NetGames properties will be integrated into Microsoft's Zone.com online gaming site. In addition, NetGames employees will work with Microsoft to develop technology for its Xbox game console, which is set for release in 2001.
Last month, Microsoft acquired gaming company Bungie Software Products. Bungie and NetGames give Microsoft access to new game titles and developers for the Xbox, areas that Microsoft needs to bolster if it wants to compete with established game companies like Sega, Nintendo and Sony.

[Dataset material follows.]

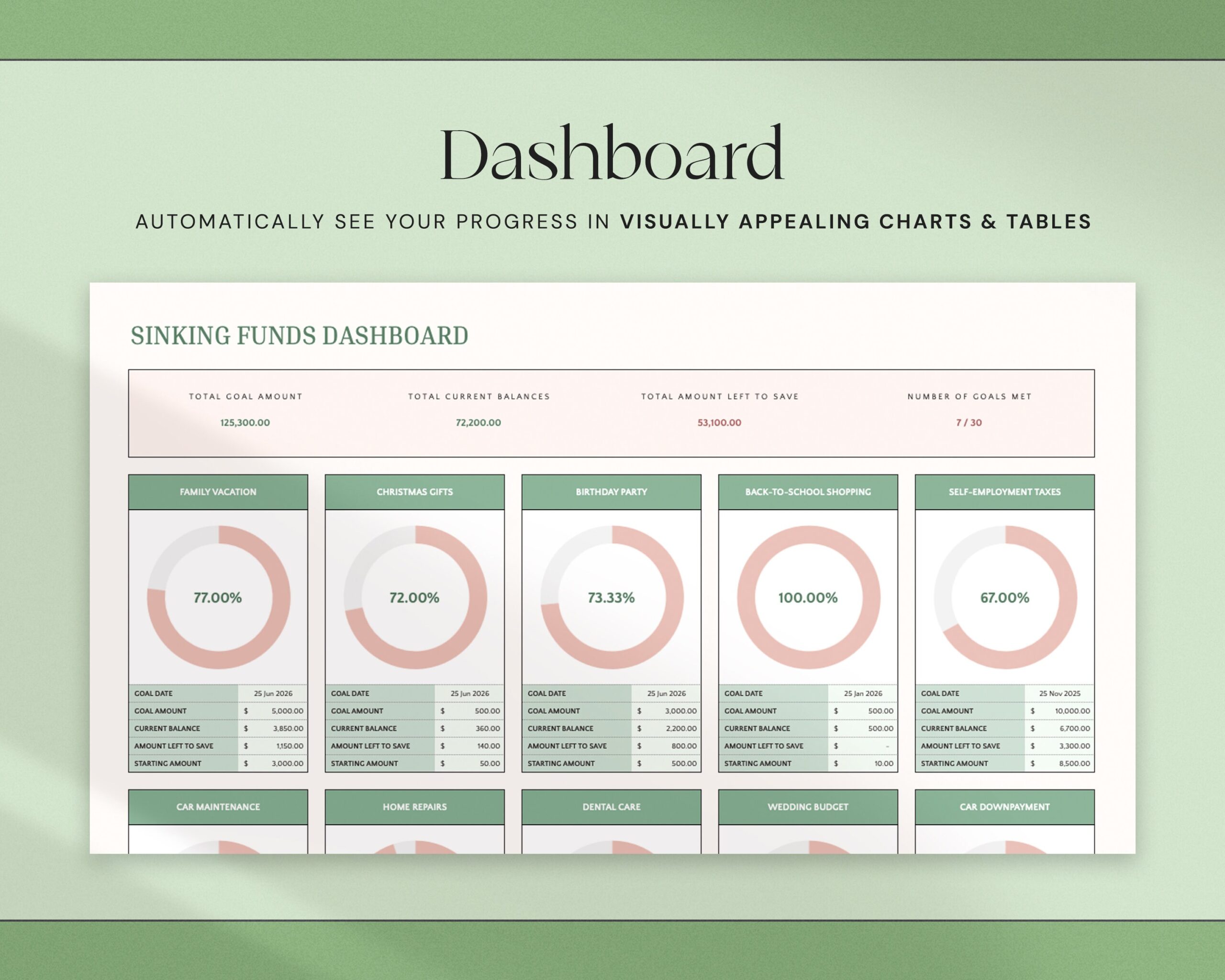 Sinking Funds Tracker Spreadsheet with Savings Tracker, Monthly Savings Plan, Money Planner and Goal Tracker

Microsoft has moved to beef up its gaming business as Sony and Sega have elbowed in on its turf by modifying game consoles to include Internet access and features normally associated with PCs, an area that Microsoft has historically dominated.
The gaming market is expected to grow exponentially over the next few years. Internet appliances, including TV set-top boxes, handheld computers and gaming consoles, are expected to increase from 11 million units shipped in 1999 to 89 million units in 2004, according to International Data Corp. Revenues will increase from $2.4 billion last year to $17.8 billion in 2004, IDC predicts.
"With NetGames' technologies, Zone.com will offer a level of online integration for games that no one has ever seen before," Dean Hachamovitch, product manager for Microsoft, said in a statement. "It shows Microsoft's dedication to innovating and improving online gaming."